In the material below, find the line that contains "Voro Mold Hotell" and the line that contains "8011 Thyme Circle, 黏土, 紐約州 13090, 美國", then write out exactly those two lines and everything between them.
(Beginning of Source data)
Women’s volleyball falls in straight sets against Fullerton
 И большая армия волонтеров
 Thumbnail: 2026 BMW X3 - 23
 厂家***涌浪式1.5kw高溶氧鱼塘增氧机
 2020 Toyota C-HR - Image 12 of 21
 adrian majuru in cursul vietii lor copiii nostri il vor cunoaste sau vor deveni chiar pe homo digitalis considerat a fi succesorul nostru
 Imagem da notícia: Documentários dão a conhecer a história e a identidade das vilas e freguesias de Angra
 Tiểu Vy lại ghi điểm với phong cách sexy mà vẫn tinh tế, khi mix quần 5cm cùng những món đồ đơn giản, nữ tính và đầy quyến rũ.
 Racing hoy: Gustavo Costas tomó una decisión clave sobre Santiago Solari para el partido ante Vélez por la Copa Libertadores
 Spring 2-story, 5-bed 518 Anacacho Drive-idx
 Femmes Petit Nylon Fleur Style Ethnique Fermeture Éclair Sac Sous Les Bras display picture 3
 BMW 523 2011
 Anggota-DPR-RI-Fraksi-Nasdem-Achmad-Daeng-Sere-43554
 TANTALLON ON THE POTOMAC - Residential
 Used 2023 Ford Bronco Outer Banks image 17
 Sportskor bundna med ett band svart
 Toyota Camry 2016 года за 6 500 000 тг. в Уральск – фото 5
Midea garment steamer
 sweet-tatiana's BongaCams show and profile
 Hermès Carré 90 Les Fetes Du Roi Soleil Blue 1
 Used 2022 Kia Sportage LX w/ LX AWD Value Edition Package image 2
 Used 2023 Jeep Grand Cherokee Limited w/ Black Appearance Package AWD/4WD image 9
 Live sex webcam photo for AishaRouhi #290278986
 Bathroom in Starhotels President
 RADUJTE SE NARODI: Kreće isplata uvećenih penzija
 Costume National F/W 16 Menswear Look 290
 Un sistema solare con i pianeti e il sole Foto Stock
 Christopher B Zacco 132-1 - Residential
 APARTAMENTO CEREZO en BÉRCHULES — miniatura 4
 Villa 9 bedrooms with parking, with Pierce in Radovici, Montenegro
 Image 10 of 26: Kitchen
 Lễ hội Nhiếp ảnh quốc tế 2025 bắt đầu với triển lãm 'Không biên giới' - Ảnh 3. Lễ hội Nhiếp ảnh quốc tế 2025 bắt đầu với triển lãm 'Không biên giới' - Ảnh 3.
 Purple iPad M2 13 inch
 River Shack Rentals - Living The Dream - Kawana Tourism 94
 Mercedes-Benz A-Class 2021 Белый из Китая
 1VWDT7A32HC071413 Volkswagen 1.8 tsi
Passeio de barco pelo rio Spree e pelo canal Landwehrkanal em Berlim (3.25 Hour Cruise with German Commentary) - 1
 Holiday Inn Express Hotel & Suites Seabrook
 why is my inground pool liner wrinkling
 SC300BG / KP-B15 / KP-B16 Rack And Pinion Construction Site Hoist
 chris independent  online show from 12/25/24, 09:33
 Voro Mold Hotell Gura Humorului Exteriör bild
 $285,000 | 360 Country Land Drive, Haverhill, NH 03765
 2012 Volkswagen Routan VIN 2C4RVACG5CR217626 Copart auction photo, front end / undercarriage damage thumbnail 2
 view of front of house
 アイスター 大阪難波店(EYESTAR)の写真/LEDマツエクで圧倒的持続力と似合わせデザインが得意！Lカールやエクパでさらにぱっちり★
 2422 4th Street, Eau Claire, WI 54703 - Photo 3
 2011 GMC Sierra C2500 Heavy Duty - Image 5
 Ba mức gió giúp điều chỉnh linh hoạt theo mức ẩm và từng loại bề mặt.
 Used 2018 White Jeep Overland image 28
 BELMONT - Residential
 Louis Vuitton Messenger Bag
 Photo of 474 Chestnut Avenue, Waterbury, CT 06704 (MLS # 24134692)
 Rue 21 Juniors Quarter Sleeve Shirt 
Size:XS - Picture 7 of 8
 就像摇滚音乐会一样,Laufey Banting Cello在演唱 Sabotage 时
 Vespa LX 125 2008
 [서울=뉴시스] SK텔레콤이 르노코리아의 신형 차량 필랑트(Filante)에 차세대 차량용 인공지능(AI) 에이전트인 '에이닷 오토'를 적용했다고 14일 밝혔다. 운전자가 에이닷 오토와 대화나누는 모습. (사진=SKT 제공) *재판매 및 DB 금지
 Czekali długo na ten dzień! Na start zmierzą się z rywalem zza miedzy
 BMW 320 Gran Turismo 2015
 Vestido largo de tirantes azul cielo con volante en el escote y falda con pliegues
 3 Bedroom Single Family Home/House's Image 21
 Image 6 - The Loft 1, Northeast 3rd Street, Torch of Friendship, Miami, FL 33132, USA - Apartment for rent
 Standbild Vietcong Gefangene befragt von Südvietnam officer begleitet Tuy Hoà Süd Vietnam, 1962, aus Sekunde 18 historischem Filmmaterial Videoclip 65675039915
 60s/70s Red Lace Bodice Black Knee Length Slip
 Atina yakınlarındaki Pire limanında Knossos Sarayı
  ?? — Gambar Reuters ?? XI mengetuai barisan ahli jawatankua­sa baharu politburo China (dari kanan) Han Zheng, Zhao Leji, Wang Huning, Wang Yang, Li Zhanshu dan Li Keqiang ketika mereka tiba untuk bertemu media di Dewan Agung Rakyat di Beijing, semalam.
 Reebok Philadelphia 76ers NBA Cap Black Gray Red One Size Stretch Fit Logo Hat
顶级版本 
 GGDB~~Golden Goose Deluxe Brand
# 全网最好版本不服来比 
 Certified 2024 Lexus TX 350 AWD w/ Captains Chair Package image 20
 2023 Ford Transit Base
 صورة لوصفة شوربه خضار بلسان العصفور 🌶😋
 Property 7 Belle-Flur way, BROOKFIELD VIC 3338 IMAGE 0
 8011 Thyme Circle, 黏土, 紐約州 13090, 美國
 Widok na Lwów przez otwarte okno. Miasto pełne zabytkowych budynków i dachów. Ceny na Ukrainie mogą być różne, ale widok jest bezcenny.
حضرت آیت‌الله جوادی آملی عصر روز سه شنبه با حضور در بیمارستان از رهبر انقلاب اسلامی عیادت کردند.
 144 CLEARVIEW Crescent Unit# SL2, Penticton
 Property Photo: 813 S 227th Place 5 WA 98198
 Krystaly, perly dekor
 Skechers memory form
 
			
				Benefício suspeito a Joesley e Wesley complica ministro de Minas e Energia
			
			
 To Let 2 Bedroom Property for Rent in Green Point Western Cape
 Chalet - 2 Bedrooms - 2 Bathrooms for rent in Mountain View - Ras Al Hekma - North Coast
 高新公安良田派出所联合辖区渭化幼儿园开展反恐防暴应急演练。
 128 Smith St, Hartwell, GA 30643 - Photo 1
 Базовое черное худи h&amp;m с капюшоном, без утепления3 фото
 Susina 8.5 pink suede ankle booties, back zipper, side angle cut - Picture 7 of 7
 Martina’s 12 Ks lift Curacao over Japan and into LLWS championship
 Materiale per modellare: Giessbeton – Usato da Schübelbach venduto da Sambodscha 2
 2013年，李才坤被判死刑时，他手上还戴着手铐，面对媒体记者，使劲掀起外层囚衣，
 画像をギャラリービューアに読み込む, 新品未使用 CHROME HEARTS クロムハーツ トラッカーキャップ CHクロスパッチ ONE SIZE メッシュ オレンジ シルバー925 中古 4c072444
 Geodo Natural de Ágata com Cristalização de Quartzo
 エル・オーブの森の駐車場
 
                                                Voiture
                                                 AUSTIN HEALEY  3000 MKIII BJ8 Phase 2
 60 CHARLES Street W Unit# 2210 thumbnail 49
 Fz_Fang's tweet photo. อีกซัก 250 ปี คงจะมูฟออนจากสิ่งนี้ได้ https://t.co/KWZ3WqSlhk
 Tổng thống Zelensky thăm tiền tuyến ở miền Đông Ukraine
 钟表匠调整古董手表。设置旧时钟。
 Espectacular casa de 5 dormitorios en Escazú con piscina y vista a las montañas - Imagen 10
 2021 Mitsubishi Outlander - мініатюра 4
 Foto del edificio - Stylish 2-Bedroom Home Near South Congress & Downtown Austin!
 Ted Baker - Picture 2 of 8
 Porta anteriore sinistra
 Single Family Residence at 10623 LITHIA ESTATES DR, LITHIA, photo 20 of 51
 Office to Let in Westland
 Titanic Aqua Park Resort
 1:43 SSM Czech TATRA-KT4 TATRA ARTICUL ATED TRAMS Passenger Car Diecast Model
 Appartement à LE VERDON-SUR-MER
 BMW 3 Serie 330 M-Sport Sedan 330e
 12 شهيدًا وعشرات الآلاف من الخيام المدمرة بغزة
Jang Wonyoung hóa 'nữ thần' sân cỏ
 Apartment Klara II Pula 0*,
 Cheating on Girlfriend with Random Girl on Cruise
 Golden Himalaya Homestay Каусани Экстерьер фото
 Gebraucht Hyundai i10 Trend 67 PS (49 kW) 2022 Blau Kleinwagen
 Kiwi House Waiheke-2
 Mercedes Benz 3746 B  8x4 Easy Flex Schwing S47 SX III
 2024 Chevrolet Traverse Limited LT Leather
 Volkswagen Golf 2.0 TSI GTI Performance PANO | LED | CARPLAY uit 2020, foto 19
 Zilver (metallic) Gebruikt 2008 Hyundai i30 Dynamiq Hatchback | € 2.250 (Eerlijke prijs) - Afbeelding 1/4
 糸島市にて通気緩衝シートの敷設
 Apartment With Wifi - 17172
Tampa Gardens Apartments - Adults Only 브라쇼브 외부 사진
(End of Source data)
§ **Answer box**:
 Voro Mold Hotell Gura Humorului Exteriör bild
 $285,000 | 360 Country Land Drive, Haverhill, NH 03765
 2012 Volkswagen Routan VIN 2C4RVACG5CR217626 Copart auction photo, front end / undercarriage damage thumbnail 2
 view of front of house
 アイスター 大阪難波店(EYESTAR)の写真/LEDマツエクで圧倒的持続力と似合わせデザインが得意！Lカールやエクパでさらにぱっちり★
 2422 4th Street, Eau Claire, WI 54703 - Photo 3
 2011 GMC Sierra C2500 Heavy Duty - Image 5
 Ba mức gió giúp điều chỉnh linh hoạt theo mức ẩm và từng loại bề mặt.
 Used 2018 White Jeep Overland image 28
 BELMONT - Residential
 Louis Vuitton Messenger Bag
 Photo of 474 Chestnut Avenue, Waterbury, CT 06704 (MLS # 24134692)
 Rue 21 Juniors Quarter Sleeve Shirt 
Size:XS - Picture 7 of 8
 就像摇滚音乐会一样,Laufey Banting Cello在演唱 Sabotage 时
 Vespa LX 125 2008
 [서울=뉴시스] SK텔레콤이 르노코리아의 신형 차량 필랑트(Filante)에 차세대 차량용 인공지능(AI) 에이전트인 '에이닷 오토'를 적용했다고 14일 밝혔다. 운전자가 에이닷 오토와 대화나누는 모습. (사진=SKT 제공) *재판매 및 DB 금지
 Czekali długo na ten dzień! Na start zmierzą się z rywalem zza miedzy
 BMW 320 Gran Turismo 2015
 Vestido largo de tirantes azul cielo con volante en el escote y falda con pliegues
 3 Bedroom Single Family Home/House's Image 21
 Image 6 - The Loft 1, Northeast 3rd Street, Torch of Friendship, Miami, FL 33132, USA - Apartment for rent
 Standbild Vietcong Gefangene befragt von Südvietnam officer begleitet Tuy Hoà Süd Vietnam, 1962, aus Sekunde 18 historischem Filmmaterial Videoclip 65675039915
 60s/70s Red Lace Bodice Black Knee Length Slip
 Atina yakınlarındaki Pire limanında Knossos Sarayı
  ?? — Gambar Reuters ?? XI mengetuai barisan ahli jawatankua­sa baharu politburo China (dari kanan) Han Zheng, Zhao Leji, Wang Huning, Wang Yang, Li Zhanshu dan Li Keqiang ketika mereka tiba untuk bertemu media di Dewan Agung Rakyat di Beijing, semalam.
 Reebok Philadelphia 76ers NBA Cap Black Gray Red One Size Stretch Fit Logo Hat
顶级版本 
 GGDB~~Golden Goose Deluxe Brand
# 全网最好版本不服来比 
 Certified 2024 Lexus TX 350 AWD w/ Captains Chair Package image 20
 2023 Ford Transit Base
 صورة لوصفة شوربه خضار بلسان العصفور 🌶😋
 Property 7 Belle-Flur way, BROOKFIELD VIC 3338 IMAGE 0
 8011 Thyme Circle, 黏土, 紐約州 13090, 美國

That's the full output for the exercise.